» Raw data:
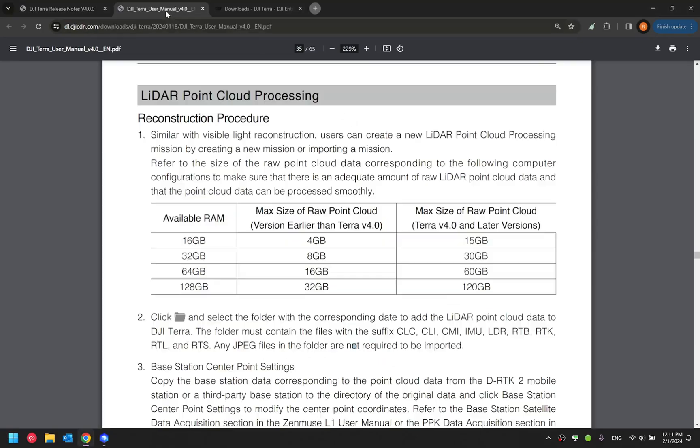Because in this version, we have increased the maximum size of the raw point cloud you can process significantly compared to the version earlier. You can find this information from the latest Terra user manual as well.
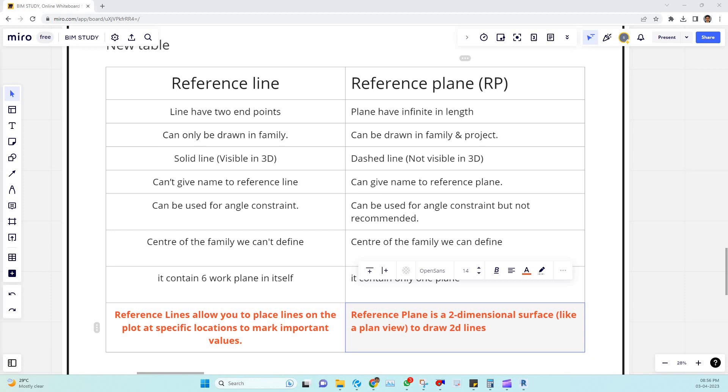Hi all, this is Sachin, SachinVC. So today we are going to discuss the topic reference plane versus reference line. Since you are working on a BIM field, you have to know what is the main difference between these two.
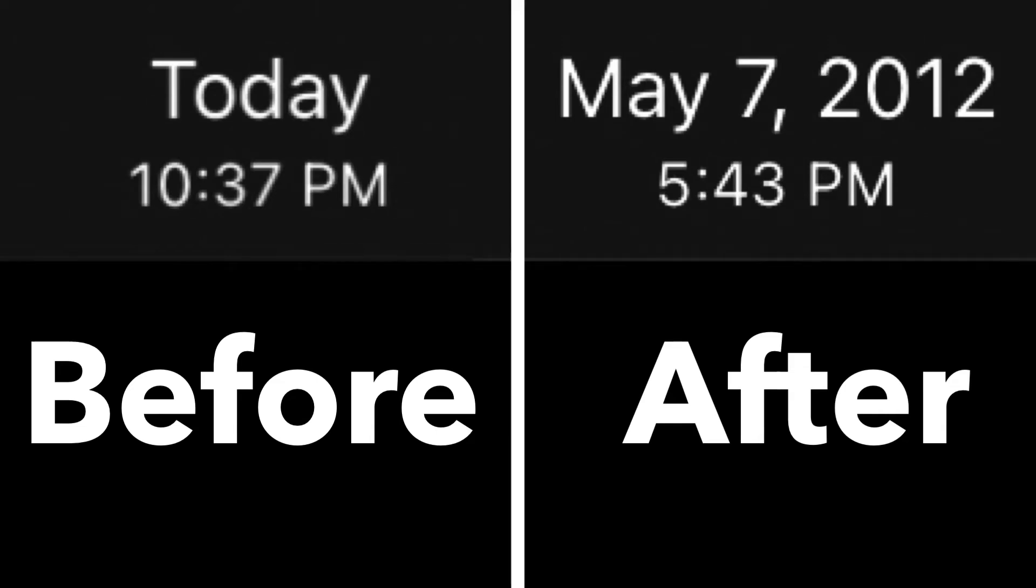If you download photos and videos from certain messaging platforms, you'd probably notice that the dates on some of the photos and videos are not correct. This is because some messaging platforms strip the metadata, which contains the date and time for when the photo or video was taken.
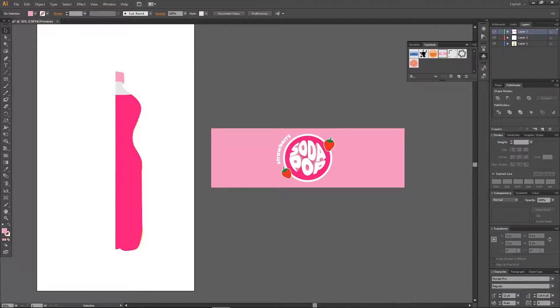Hey guys and welcome back to the Tutorial Millennial channel. In this video I am going to be showing you how to create a 3D bottle in Illustrator.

» Task description: Go through the material above and print all of it exactly, except the pictures.

» Exercise result:
Because in this version, we have increased the maximum size of the raw point cloud you can process significantly compared to the version earlier. You can find this information from the latest Terra user manual as well.
Hi all, this is Sachin, SachinVC. So today we are going to discuss the topic reference plane versus reference line. Since you are working on a BIM field, you have to know what is the main difference between these two.
If you download photos and videos from certain messaging platforms, you'd probably notice that the dates on some of the photos and videos are not correct. This is because some messaging platforms strip the metadata, which contains the date and time for when the photo or video was taken.
Hey guys and welcome back to the Tutorial Millennial channel. In this video I am going to be showing you how to create a 3D bottle in Illustrator.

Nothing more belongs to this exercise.